Il candidato del Front national che faceva da intermediario con l’ISIS
Siamo nel pieno della guerra siriana (tra il 2013 e il 2014) poco prima dell’ondata di attentati in Europa, quando già arrivano sugli schermi occidentali le brutali immagini delle decapitazioni messe in atto da Daesch. Lafarge (13 miliardi di euro di giro di affari) ha acquistato nel 2007 una delle più grandi fabbriche di cemento del Medio Oriente nei dintorni di Jalabiya, cittadina che si trova a 90 chilometri da Raqqa e intende proseguire i suoi affari siriani nonostante ormai si svolgano nelle zone controllato dall’ISIS. I dirigenti della multinazionale decidono quindi di aprire un tavolo di trattativa con le autorità del califfato. Stato islamico o altro stato in fondo cosa importa? Business as usal. In cambio dell’autorizzazione a continuare le proprie attività commerciali, il gruppo acconsente a comunicare le identità dei suoi dipendenti per ottenere un lasciapassare dall’ISIS [nella foto] e pagare regolare imposta ad Al Bagdadi. L’accordo ha inoltre altre implicazioni finanziarie come scambio di petrolio e fornitura di attrezzatura ad uso e consumo del califfato.

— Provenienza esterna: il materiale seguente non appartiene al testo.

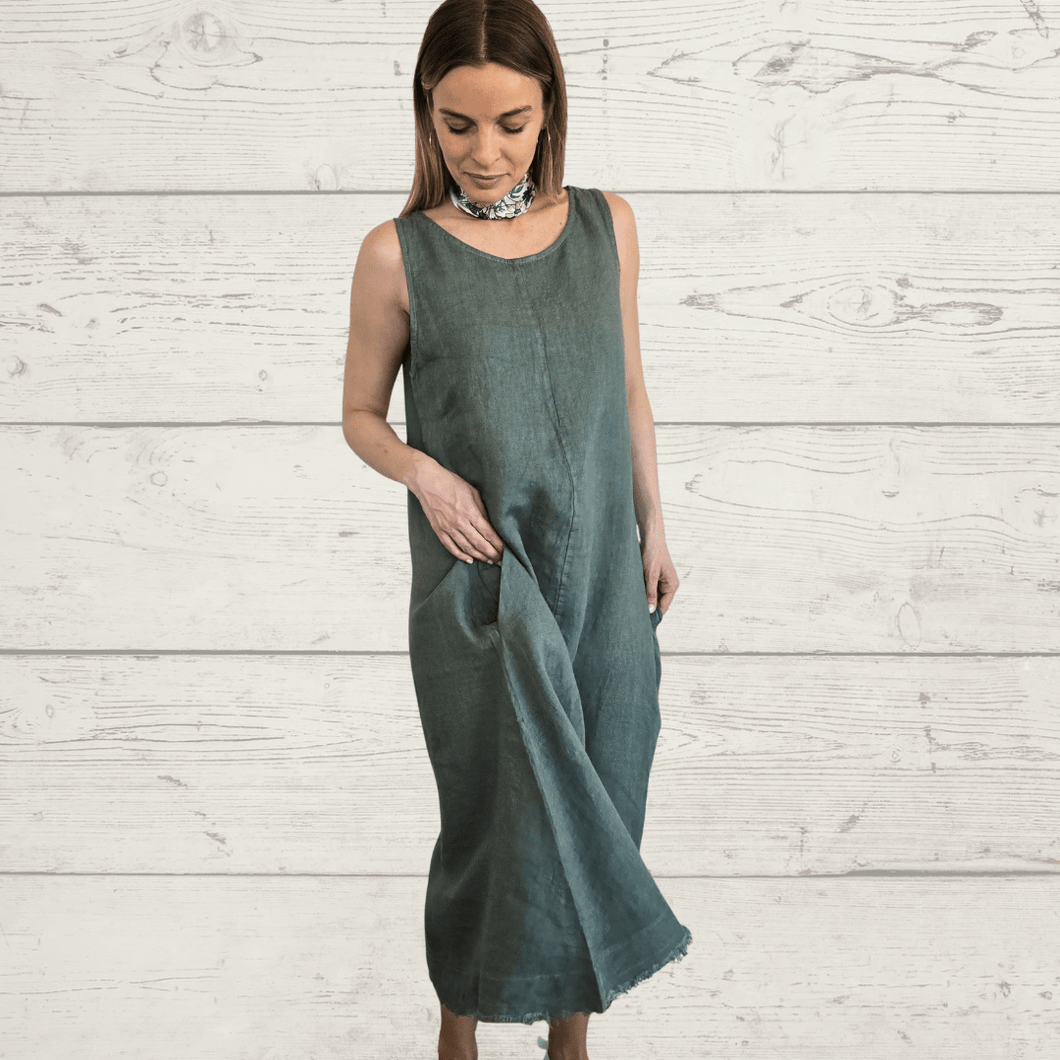 Vestido de Lino Italiano basta desflecada, color Verde Musgo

L’intesa sarà poi rotta qualche mese più tardi, nel settembre del 2014, a seguito del precipitare del conflitto siriano, quando i miliziani jihadisti decidono infine di impadronirsi del sito industriale. Jean-Claude Veillard è in quel momento dirigente responsabile della sicurezza del gruppo dopo aver supervisionato ogni fase dell’accordo dal quale dipendeva la sicurezza dei dipendenti. Sicurezza poi rivelatasi del tutto effimera visto che gli operai (240 addetti al momento dell’attacco) devono essere evacuati in fretta e furia. Come ha finito per riconoscere lo stesso gruppo francese in un comunicato stampa, l’azienda ha preso in quel momento misure “inaccettabili” per permettere di proseguire il funzionamento della sua fabbrica siriana. Questi “significativi errori di giudizio” sono costati il posto al direttore generale di cui è stata annunciata la dipartita per il 15 luglio mentre il candidato frontista resta per ora al suo posto
La notizia ha del clamoroso ma in fondo non stupisce neanche troppo. Al di là della retorica sulle “élite mondialiste” e le banche, il partito di Marine Le Pen è un partito degli affari. E quando si tratta di fare affari gli affaristi si riconoscono tra loro, che abbiano la tunica e il turbante o la giacca e la cravatta. La guerra non è forse essa stessa un grande business?